(Action item)
For this exercise, output exactly and only the lines running from the one with "XL Standcase Lyxfodral" through the final line of the data below, without pictures.

(Collected data entries)
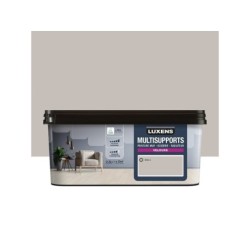 Peinture velours mur, boiserie et radiateur, LUXENS Khol 6, gris, 2.5 litres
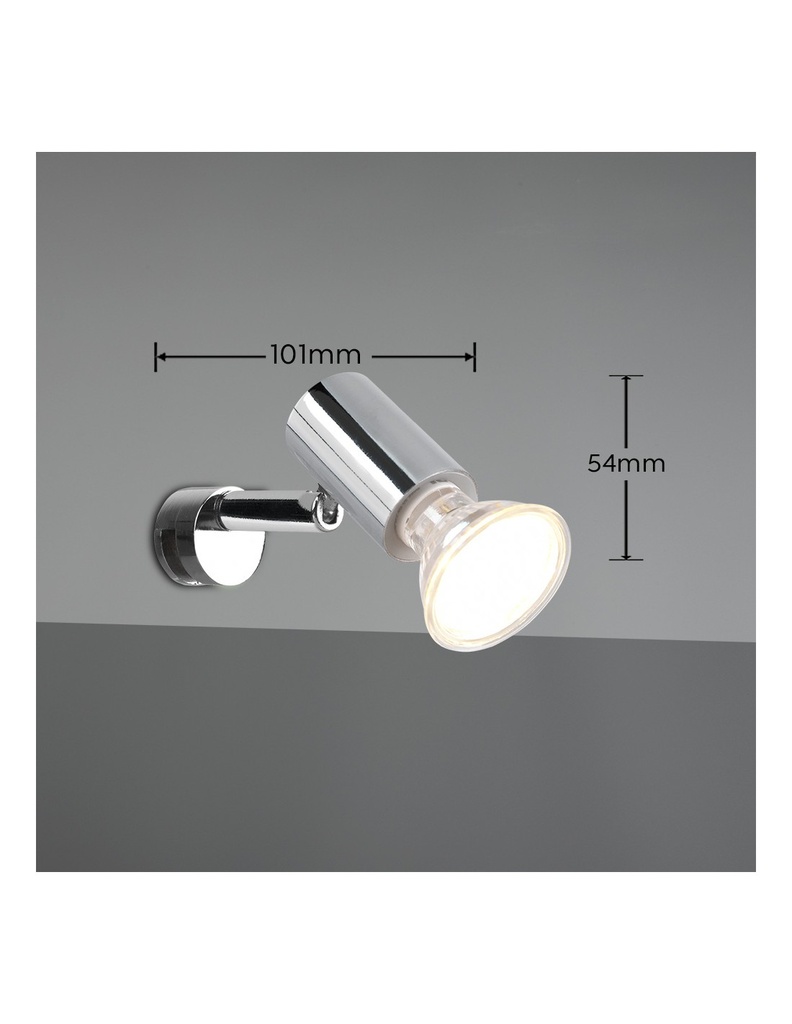 Faretto Da Bagno Spot Orientabile Cromo Lorenzo Trio Lighting - Samnite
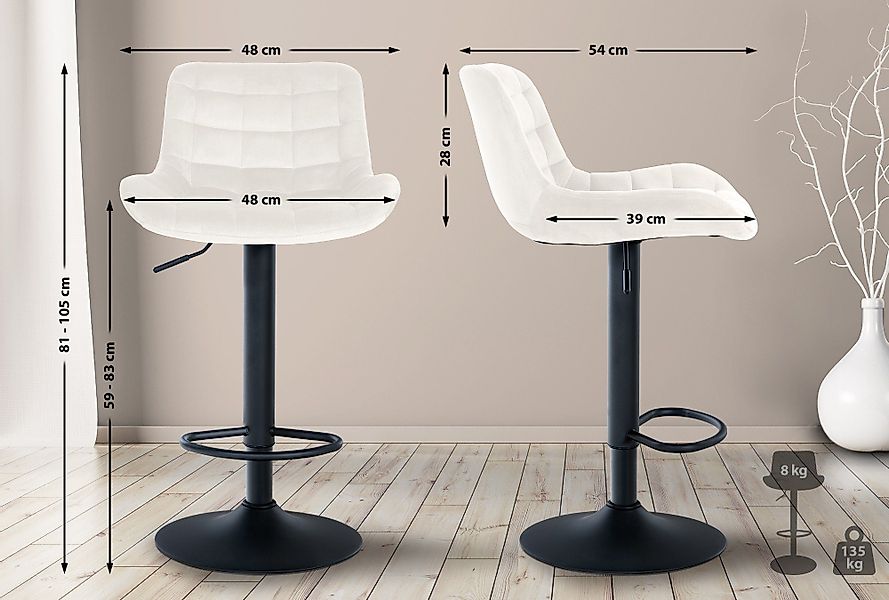CLP Barhocker Tover, 360° drehbar und günstig online kaufen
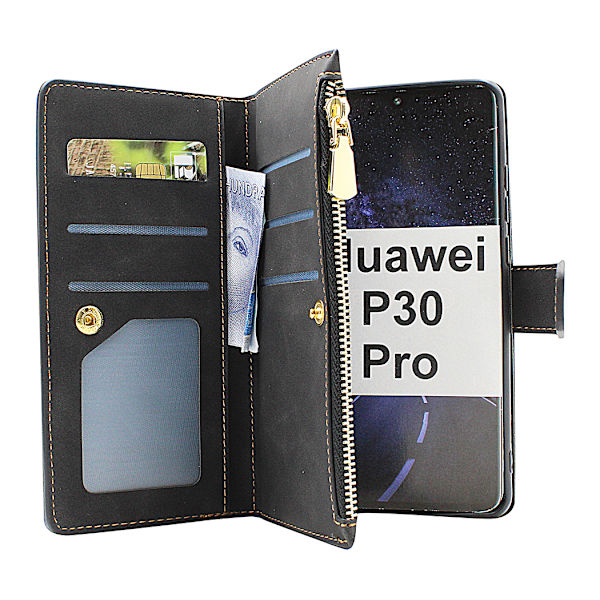 XL Standcase Lyxfodral Huawei P30 Pro (VOG-L29) Svart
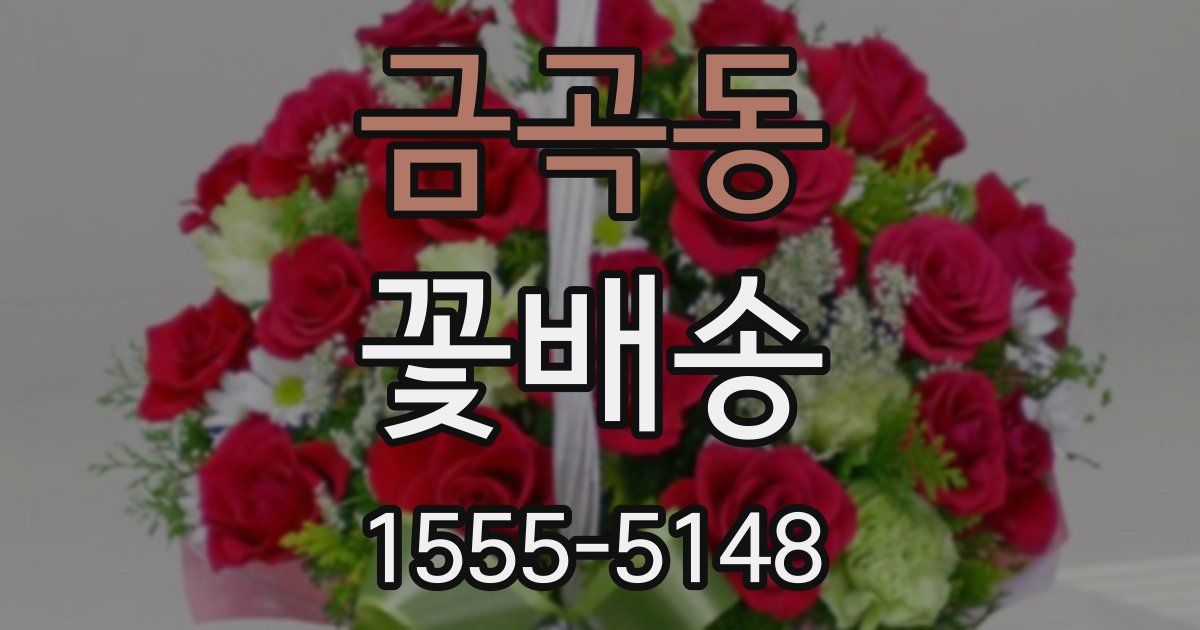 금곡동 꽃배송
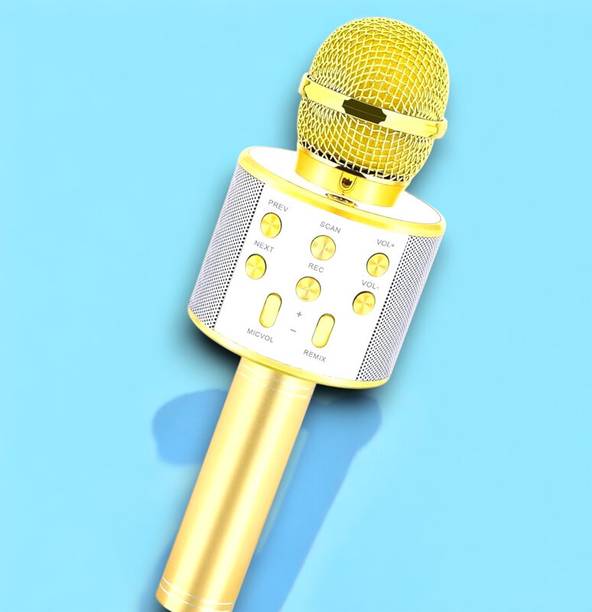 Shamsa H413 Wireless Handheld Bluetooth Mic with Speaker (Bluetooth Speaker) Microphone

(Task result)
 XL Standcase Lyxfodral Huawei P30 Pro (VOG-L29) Svart
 금곡동 꽃배송
 Shamsa H413 Wireless Handheld Bluetooth Mic with Speaker (Bluetooth Speaker) Microphone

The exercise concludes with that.